Test example 3: compound N studies on acute toxicity o.2
Experimental basis: " the chemicals acute toxicity test technical director principle " of state food and drug administration issue in 2005 on March 18.
The experiment grouping:
Route of administration |
Grouping (mg/kg) |
Measurement result |
Mean body weight increases (g) |
Male |
Female |
Intravenous injection |
50 |
O.2, there is no compound N exists overt toxicity anti- |
77 |
47.8 |
125 |
91.8 |
55.2 |
|
250 |
Should, do not see the rats death that o.2 causes by compound N yet. |
88.4 |
65.2 |
375 |
119.0 |
50.2 |
Irritate stomach |
200 |
There is no compound N and o.2 have the overt toxicity reaction, also do not see the rats death that o.2 causes by compound N. |
123.4 |
37.4 |
500 |
120.6 |
37.6 |
1000 |
136.2 |
27.6 |
2000 |
130.0 |
16.8 |
Experimental result:
1, to 40 cleaning level SD rat (male and female half and half, body weight 200-250g) divide four groups, intravenous injection 50-375mg/kg compound N o.2 after, observed continuously 14 days, do not see that o.2 compound N exists the overt toxicity reaction, does not see the rats death that is o.2 caused by compound N yet.
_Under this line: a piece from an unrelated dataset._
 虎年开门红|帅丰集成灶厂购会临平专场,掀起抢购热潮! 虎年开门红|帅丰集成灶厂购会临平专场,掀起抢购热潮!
2, to 40 cleaning level SD rat (male and female half and half, body weight 200-250g) divide four groups, gastric infusion 200-2000mg/kg compound N o.2 after, observed continuously 14 days, do not see that o.2 compound N exists the overt toxicity reaction, does not see the rats death that is o.2 drawn Wei by compound N yet.
In a word, o.2 compound N has lower toxicity.
Phosphonate-nucleotide compound of the present invention has good antiviral activity and lower toxicity, and oral absorption is good, and it will become effective medicine.